Segment Open

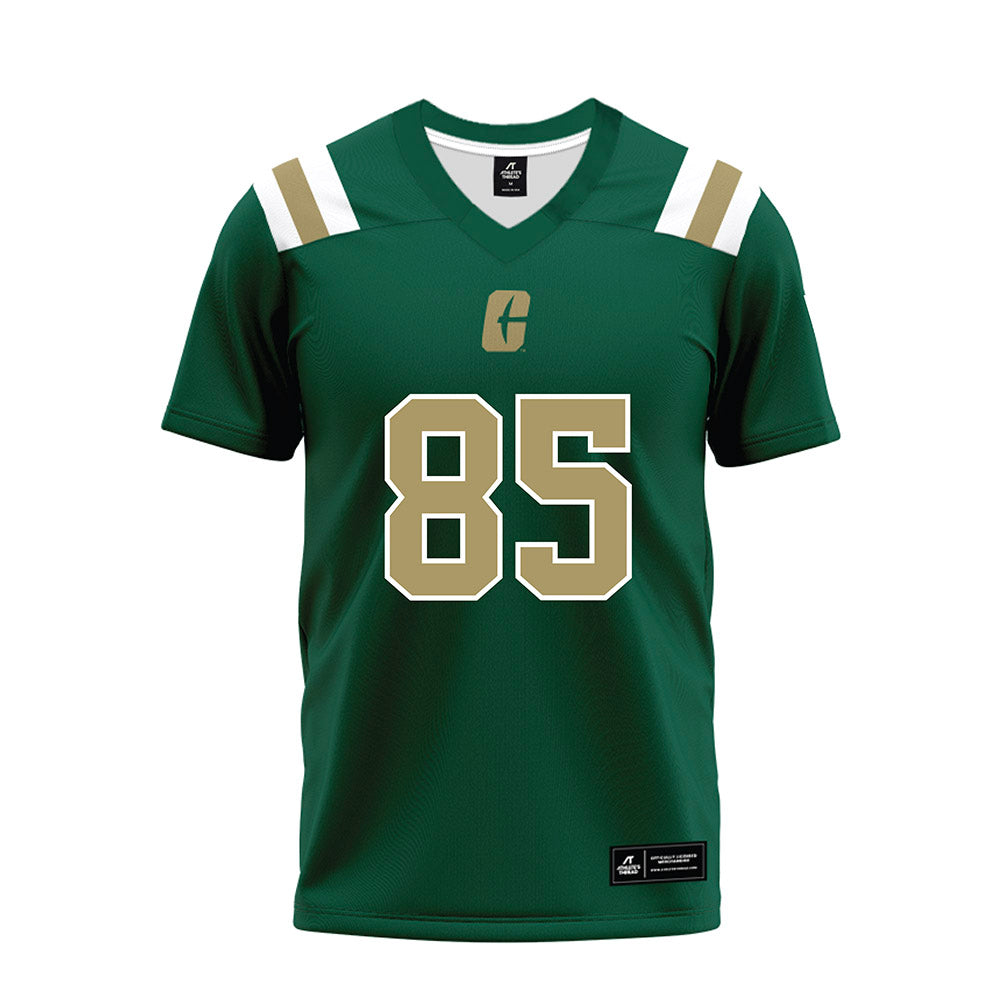 UNC Charlotte - NCAA Football : Caleb Irving - Premium Football Jersey-0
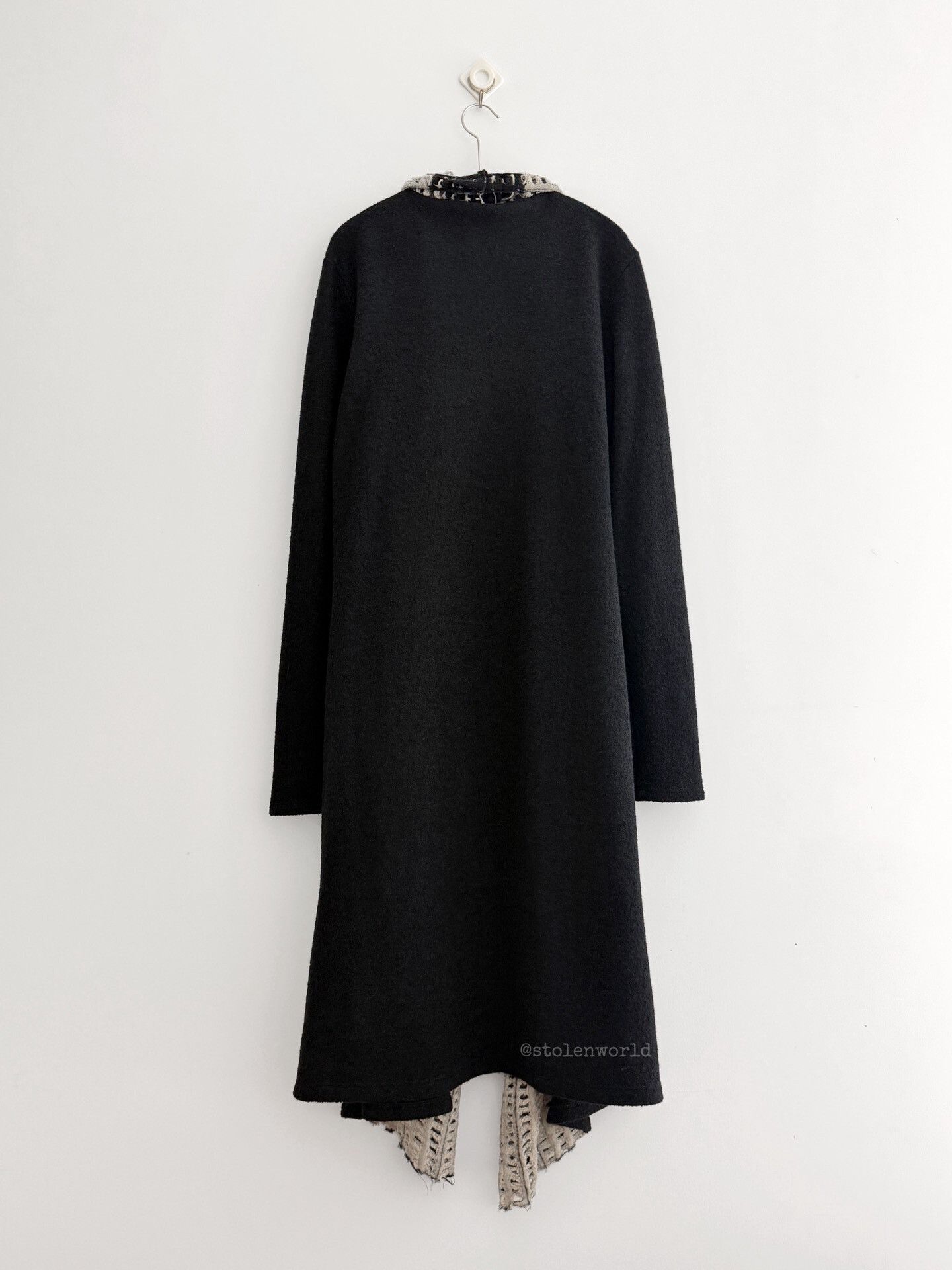 Limi Feu Limi feu Wool Hollow-Out Spliced Cardigan Size S / US 4 / IT 40 - 6 Thumbnail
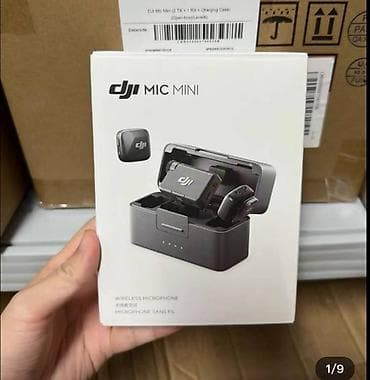 Yeni Simsiz (Bluetooth) Mikrofon lalafo.az -da — 2 Yeni Simsiz (Bluetooth) Mikrofon — 2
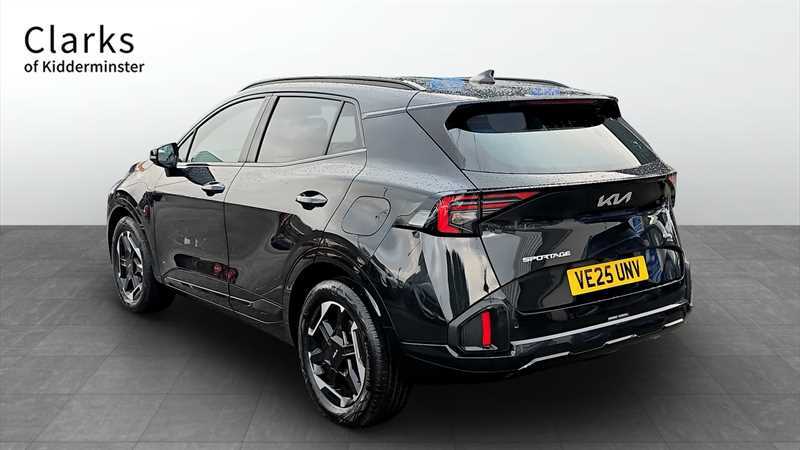 Kia Sportage 1.6 T-gdi Gt-line Suv Dct Euro 6 Ss VE25UNV Black #4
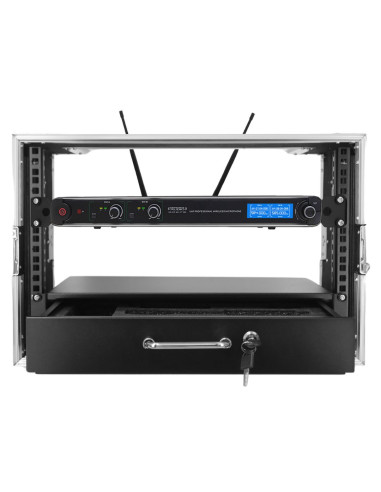 Power Acoustics - Flight Cases - FT HF MIC 5U - Terre de Son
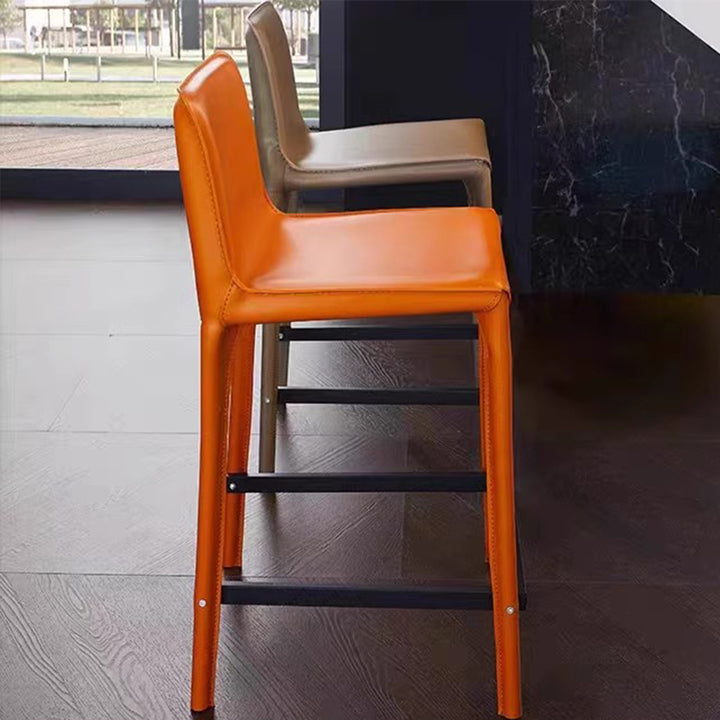 MAS-1809 Masdio Modern Leather Bar Stool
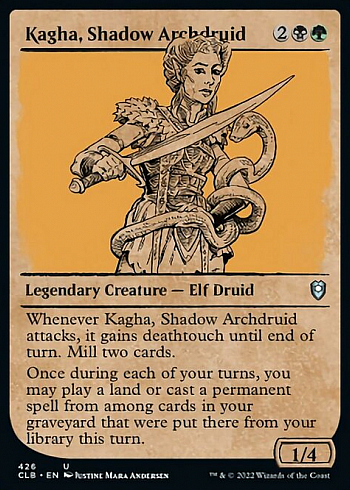 Kagha, Shadow Archdruid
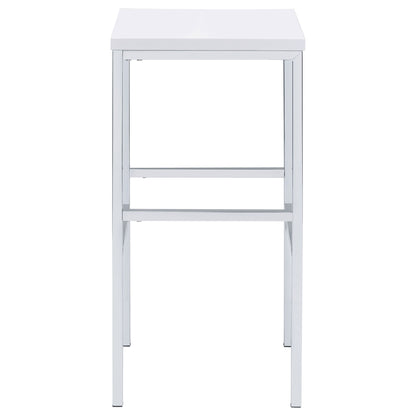 Nimitz - 5 Piece Bar Set - Gloss White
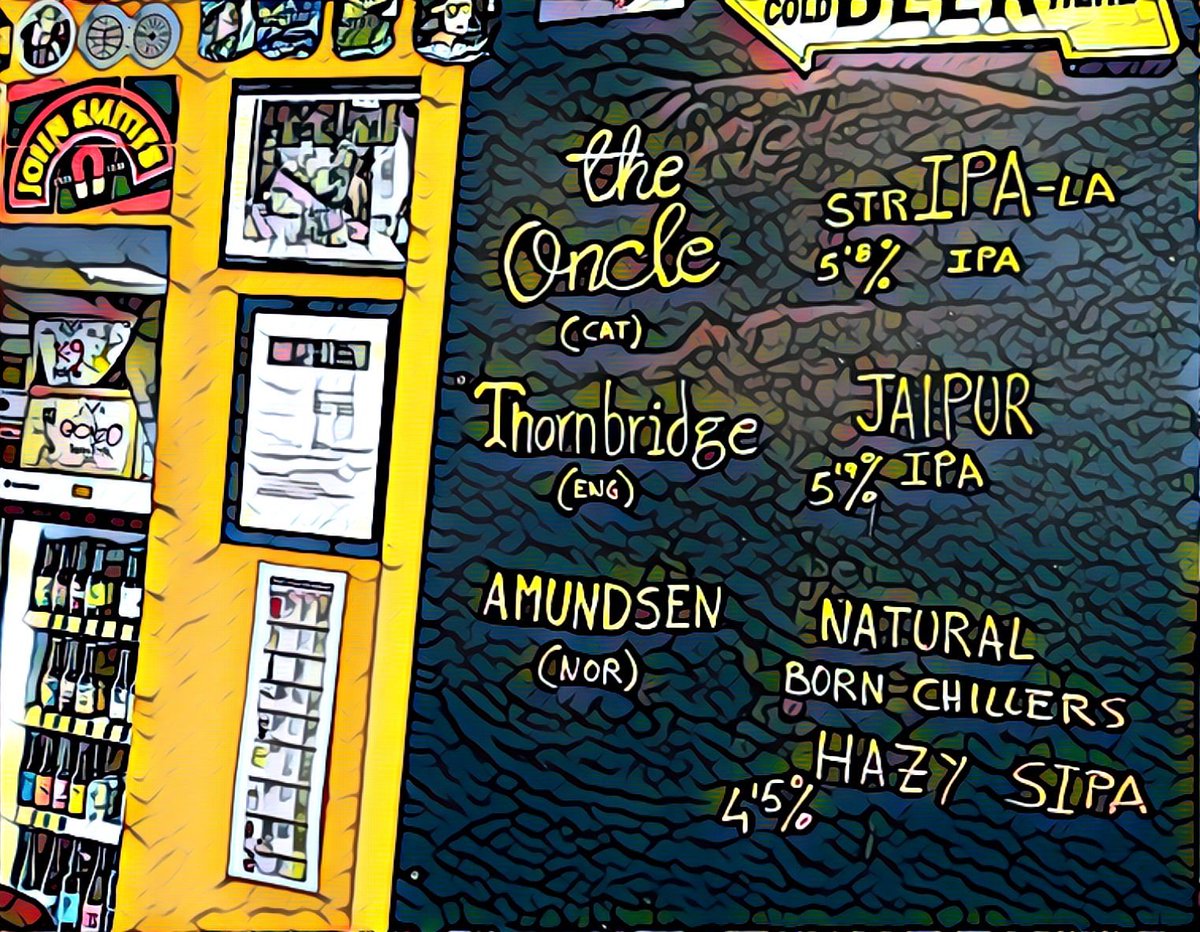 i_rosses's tweet photo. Avui de tirador. Today on tap. #ontap #detirador #draftbeer #craftbeer #onlycraftbeer #cervesaartesana #beer #biere #craftbeernotcrapbeer #nocrapontap #cellerdecervesa #bottleshop #beercellar #beershop #barcelona https://t.co/osUavbN9Ma
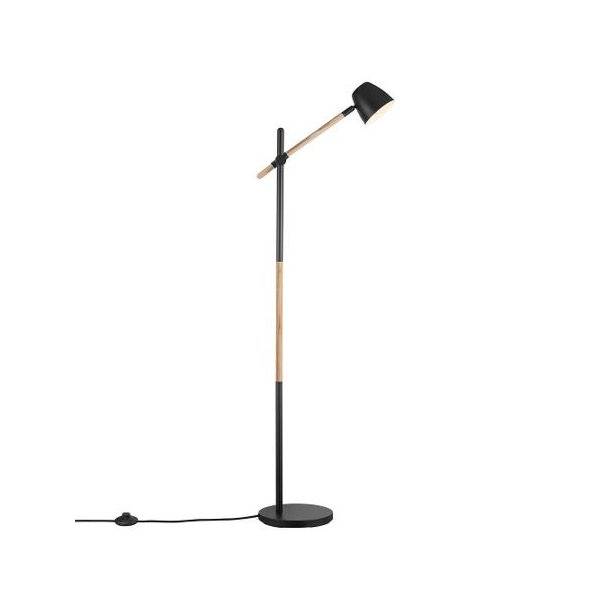 NORDLUX Theo Sort Gulvlampe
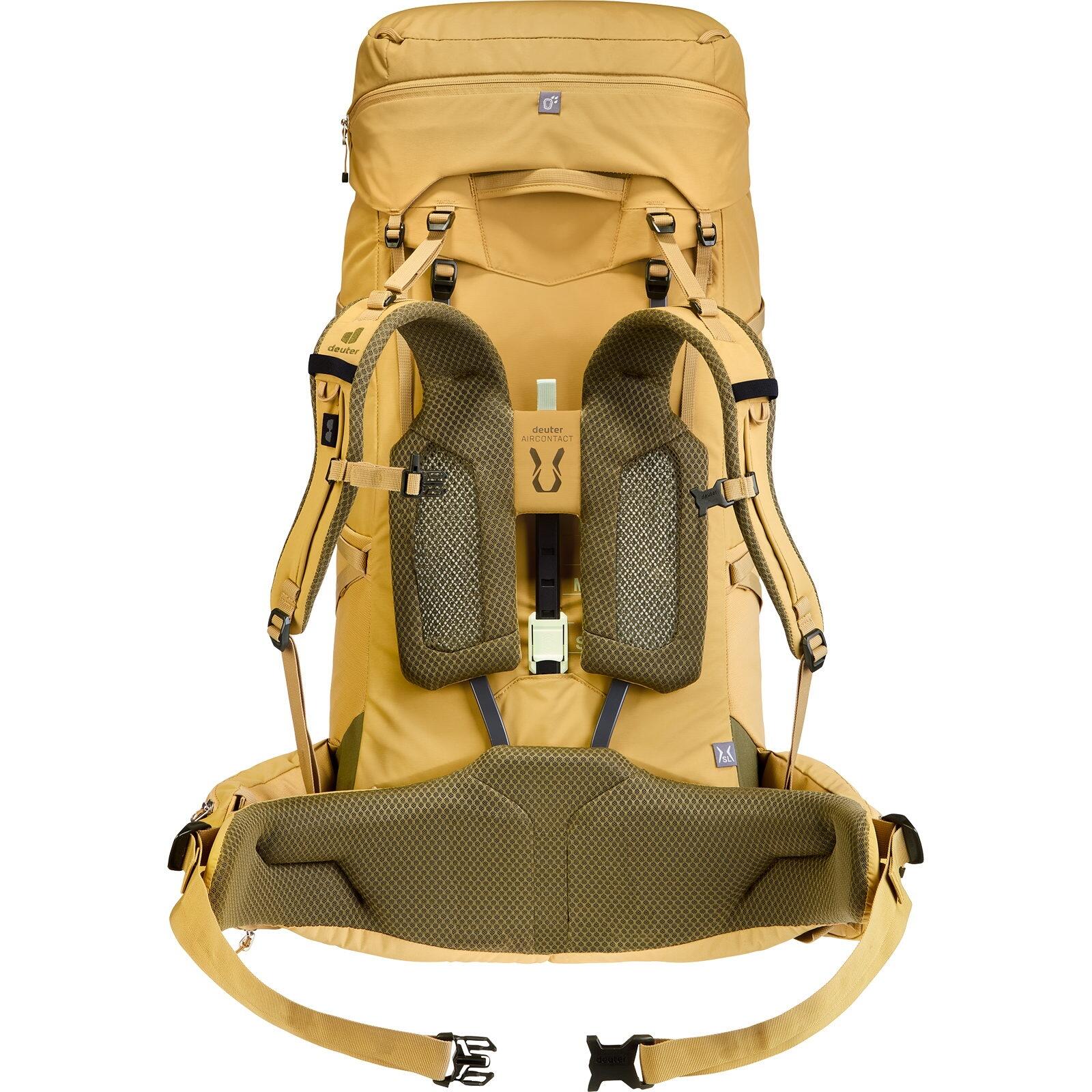 Rugzak - Trekking - Dames - Aircontact Core 65+10 SL - savanna-nori 2/7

Segment Closed

> **Assignment**: An exact copy of the lines from the one with "NORDLUX Theo Sort Gulvlampe" through the last line of the records, inclusive, is required, with all pictures left out.

> **Solution to the exercise**:
 NORDLUX Theo Sort Gulvlampe
 Rugzak - Trekking - Dames - Aircontact Core 65+10 SL - savanna-nori 2/7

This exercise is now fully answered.